Again, clearly a duck.

Mr. Trump does not care about bucking the clean energy trend no matter the fallout. However, again, Mr. Trump cannot make budget cuts without congressional approval.

What do the US DoE Grid Resiliency Pricing Rule and Australia’s proposed National Energy Guarantee have in common? – both decisions represent attempts to balance the grid while appearing to favor fossil fuels for electricity generation above solar and wind.

The federal governments of both Australia and the US are defining energy security and reliability as possible only with fossil fuels and nuclear energy as the base upon which other energy options (renewables) can be built. This argument assumes that renewable energy technologies are inherently unreliable and ignores storage, system configurations that use different RE technologies, energy efficiency and conservation as the energy paradigm of the future. Doing so ignores international agreement that the climate warming must be held to 2 degrees centigrade or lower.
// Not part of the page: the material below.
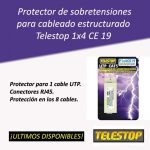 Protector De Sobretensión Telestop Para Cable Utp Cat5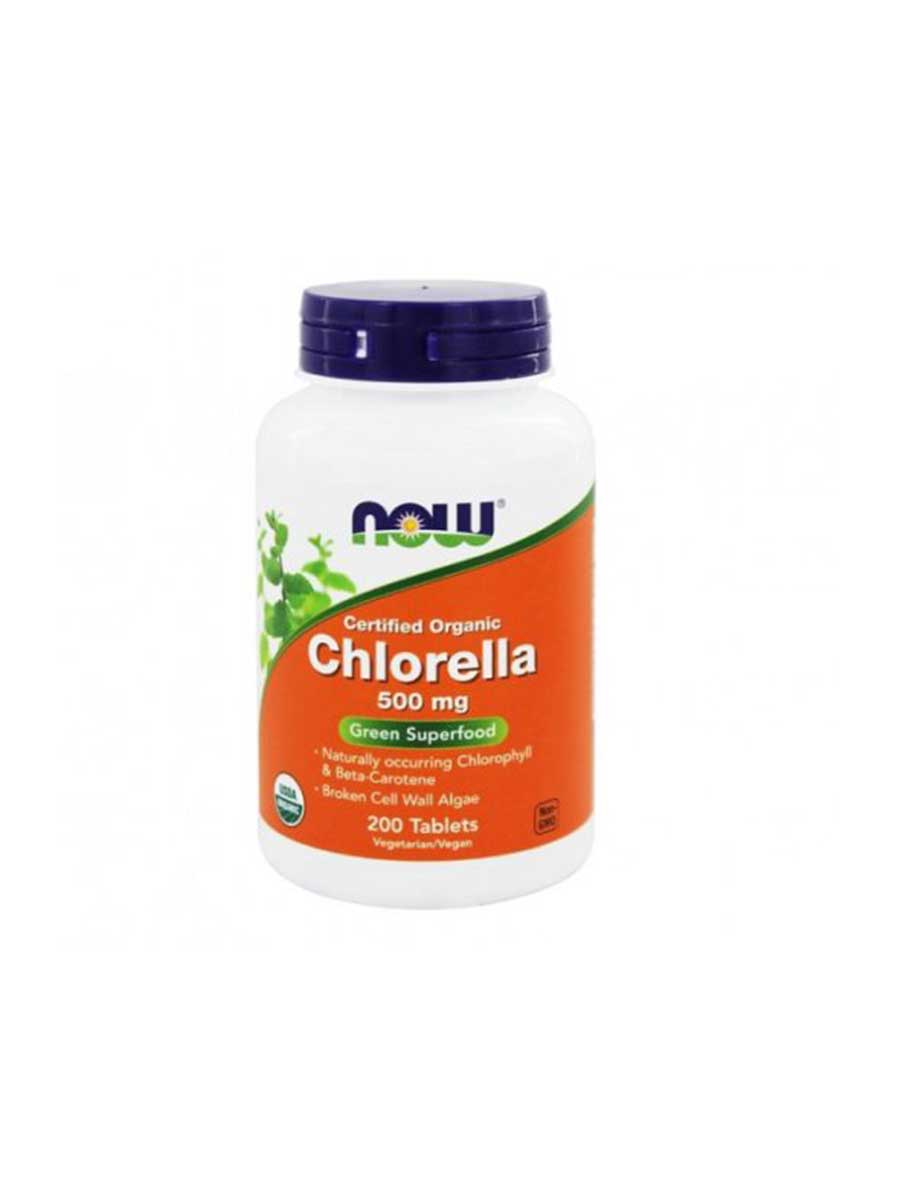 کلرلا-رگانیک-ناو-500-میلی-گرم-(200-عددی)--NOW-Foods-Organic-Chlorella کلرلا ارگانیک ناو 500 میلی گرم (200 عددی) | NOW Foods Organic Chlorella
Australia’s proposed National Energy Guarantee does not include a renewable energy target, carbon pricing or other clean energy mechanism.  It does have an emissions guarantee but favors coal, natural gas and oil via its reliability guarantee.  Emissions and reliability guarantees can be traded between utilities and even traded internationally.  In fact, the emissions guarantee may be satisfied through international marketing. The guarantee levels have not been set and will vary state-by-state depending on the level of wind and solar in each state. The state of Western Australia is not part of the plan. As to Australia’s future deployment of wind and solar, the country’s Energy Minister Josh Frydenberg has apparently indicated that the country’s RE target appears to be 95% met via projects in development and already installed. Recently Minister Frydenberg indicated that new coal plants need to be considered and indicated that the government could intervene to ensure a stable energy supply.

NEG Commentary:  Concerning Australia’s National Energy Guarantee, is the government intervening as Minister Frydenberg suggested was possible? Details about the NEG are in such short supply that an assessment of its impact is in the realm of speculation. Though an anti-RE stance can be inferred, in particular from Energy Minister Frydenberg’s comments, it cannot be confirmed even though the bare outline of the NEG indicates a preference for fossil fuel generated electricity. Two well-known entities have taken starkly different views on the NEG.  Despite a lack of detail Bloomberg termed it “innovative” and called it a “blueprint” for other countries. An idea can be innovative, though the devil is in the details, blueprints, however, require detail.  Meanwhile, Deutsche Bank downgraded the value of Tilt Renewables, an Australian wind and solar development firm, assessing that its 1.7-GWp pipeline had little chance of being developed.

When two companies, one known for punditry and one a financial institution make radically different judgments on a subject, follow the money.